═════ Source material
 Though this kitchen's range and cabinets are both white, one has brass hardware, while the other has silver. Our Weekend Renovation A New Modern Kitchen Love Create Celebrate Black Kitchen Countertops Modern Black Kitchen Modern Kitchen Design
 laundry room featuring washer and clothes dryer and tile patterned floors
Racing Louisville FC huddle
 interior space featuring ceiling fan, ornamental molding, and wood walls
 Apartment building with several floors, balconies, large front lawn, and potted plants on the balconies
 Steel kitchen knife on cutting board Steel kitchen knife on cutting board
══════════
═════ Source material
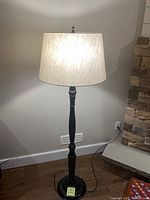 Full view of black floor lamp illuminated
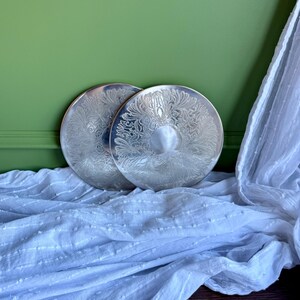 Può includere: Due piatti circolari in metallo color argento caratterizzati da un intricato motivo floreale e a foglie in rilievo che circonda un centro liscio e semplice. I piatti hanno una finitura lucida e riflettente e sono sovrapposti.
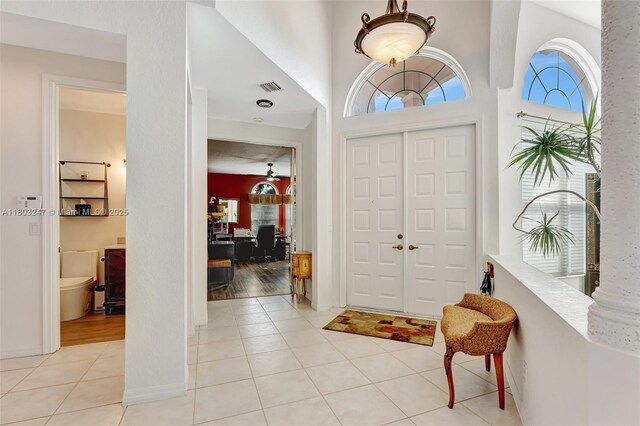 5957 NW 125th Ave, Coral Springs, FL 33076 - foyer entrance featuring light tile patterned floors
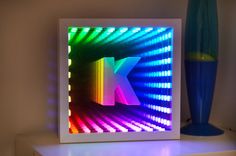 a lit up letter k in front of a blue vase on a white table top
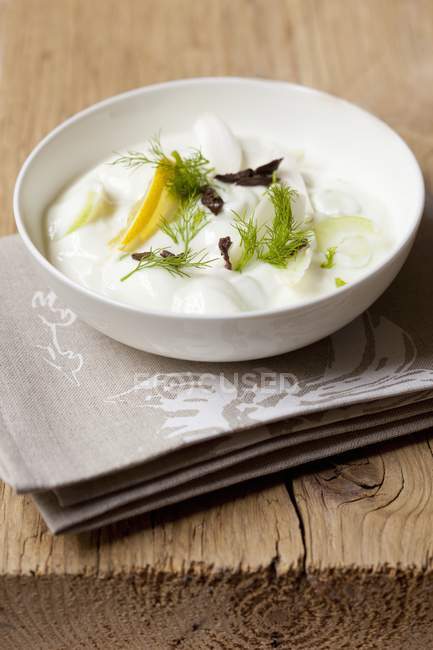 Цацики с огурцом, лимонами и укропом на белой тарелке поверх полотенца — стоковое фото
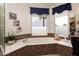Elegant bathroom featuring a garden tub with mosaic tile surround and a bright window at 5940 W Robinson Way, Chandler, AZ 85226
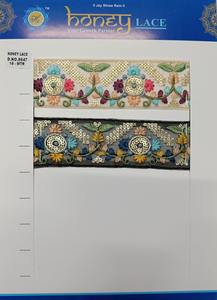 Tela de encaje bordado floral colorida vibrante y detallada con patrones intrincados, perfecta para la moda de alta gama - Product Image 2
══════════
═════ Source material
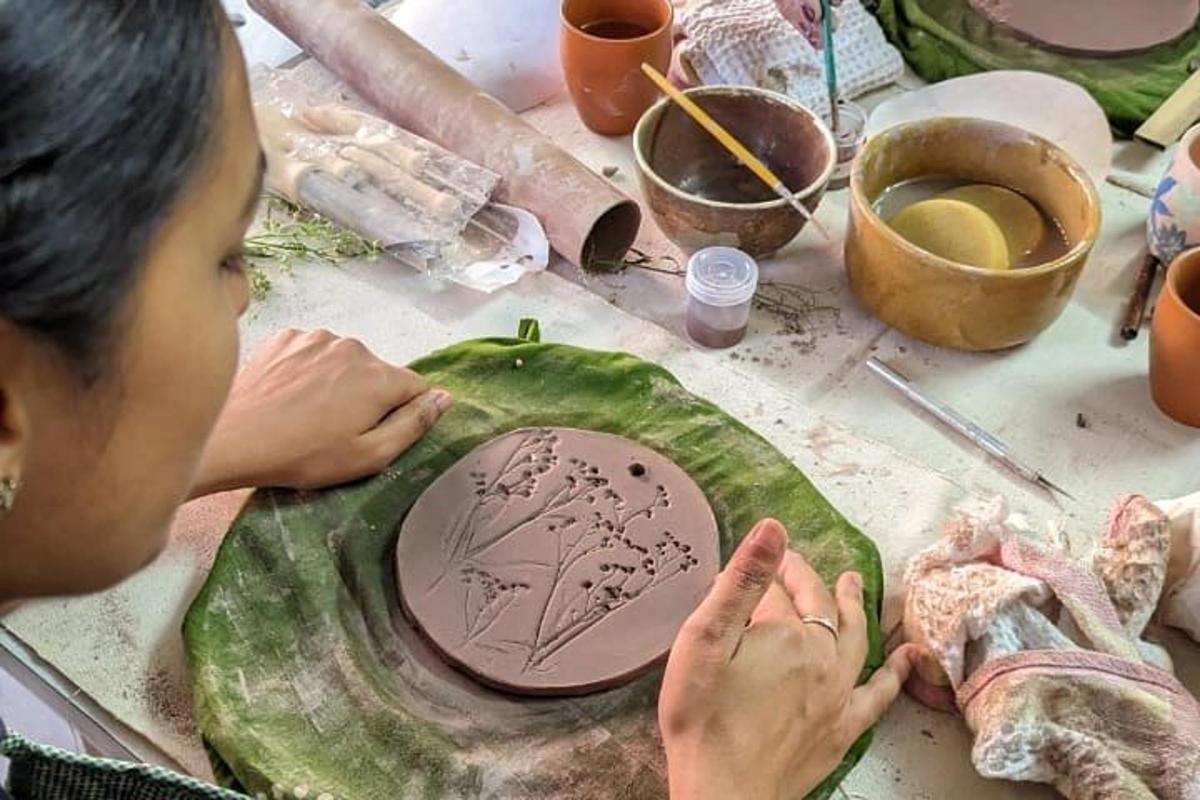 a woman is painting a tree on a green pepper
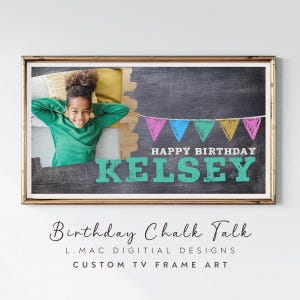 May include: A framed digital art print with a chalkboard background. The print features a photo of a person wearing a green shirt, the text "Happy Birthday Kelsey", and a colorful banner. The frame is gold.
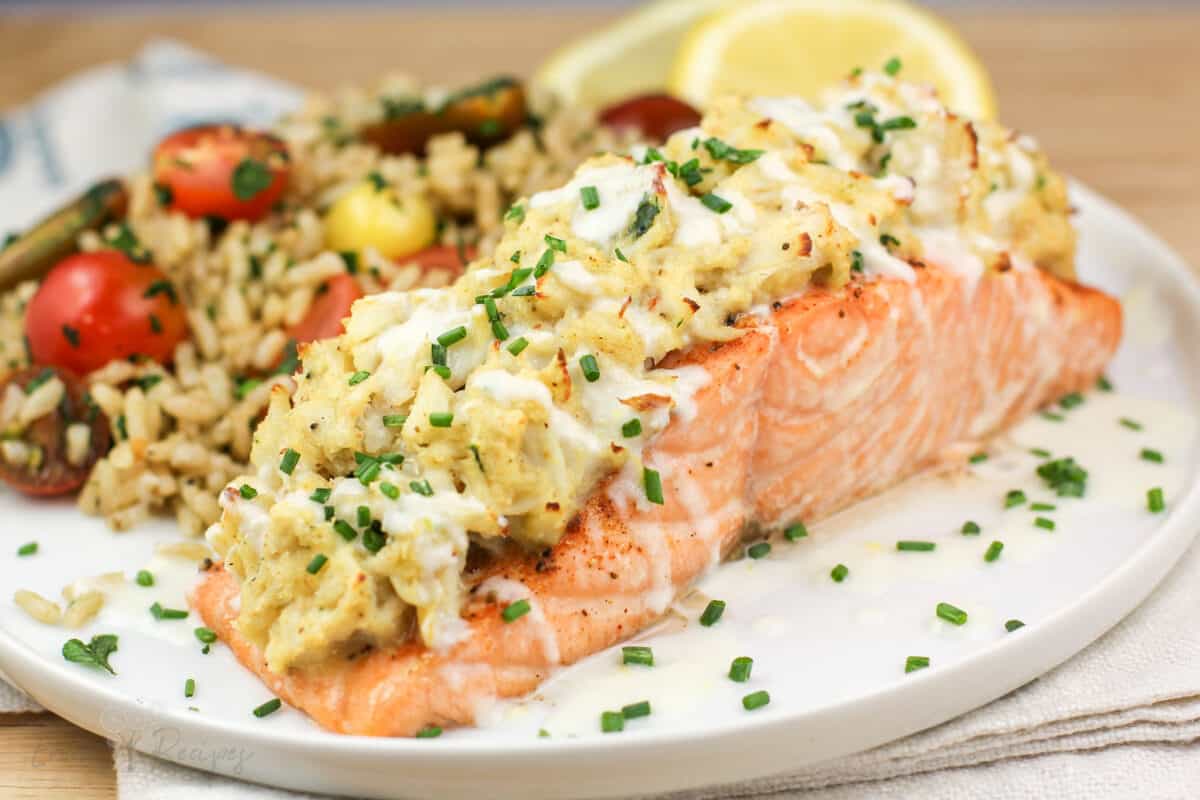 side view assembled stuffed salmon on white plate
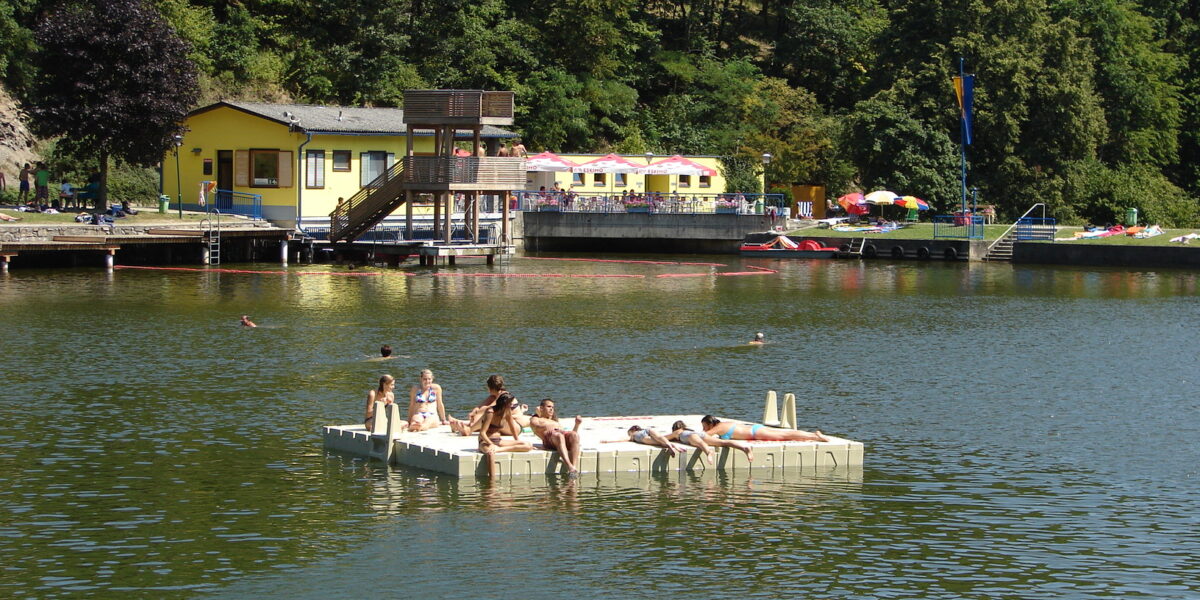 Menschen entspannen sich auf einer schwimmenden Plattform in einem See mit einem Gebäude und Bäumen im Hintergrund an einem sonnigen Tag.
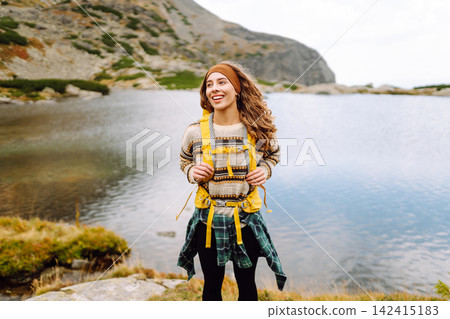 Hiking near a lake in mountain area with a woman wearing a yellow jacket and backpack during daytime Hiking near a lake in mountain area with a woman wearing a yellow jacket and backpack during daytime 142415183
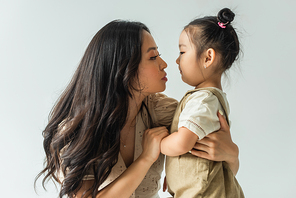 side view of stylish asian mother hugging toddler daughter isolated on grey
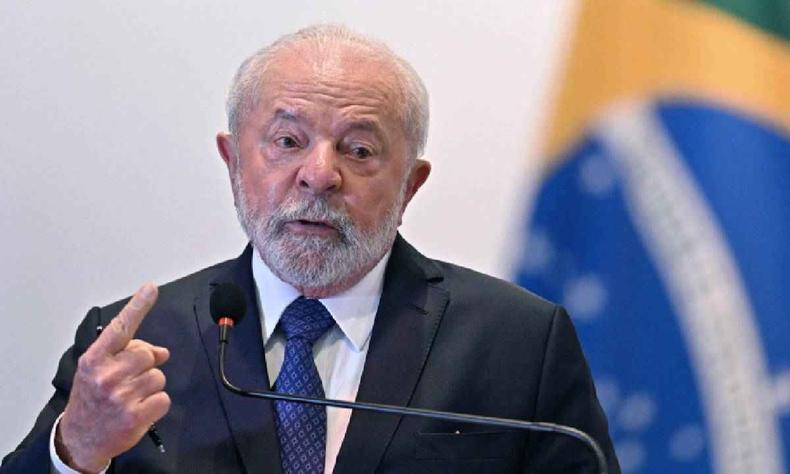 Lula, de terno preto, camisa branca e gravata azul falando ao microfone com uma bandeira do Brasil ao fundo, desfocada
══════════
Aim of the exercise
Retype word for word everything in the listing above from the line that holds "Though this kitchen's" down to the line that holds "Steel kitchen knife on cutting board Steel". Keep both end lines and leave out the rest.

Written response
 Though this kitchen's range and cabinets are both white, one has brass hardware, while the other has silver. Our Weekend Renovation A New Modern Kitchen Love Create Celebrate Black Kitchen Countertops Modern Black Kitchen Modern Kitchen Design
 laundry room featuring washer and clothes dryer and tile patterned floors
Racing Louisville FC huddle
 interior space featuring ceiling fan, ornamental molding, and wood walls
 Apartment building with several floors, balconies, large front lawn, and potted plants on the balconies
 Steel kitchen knife on cutting board Steel kitchen knife on cutting board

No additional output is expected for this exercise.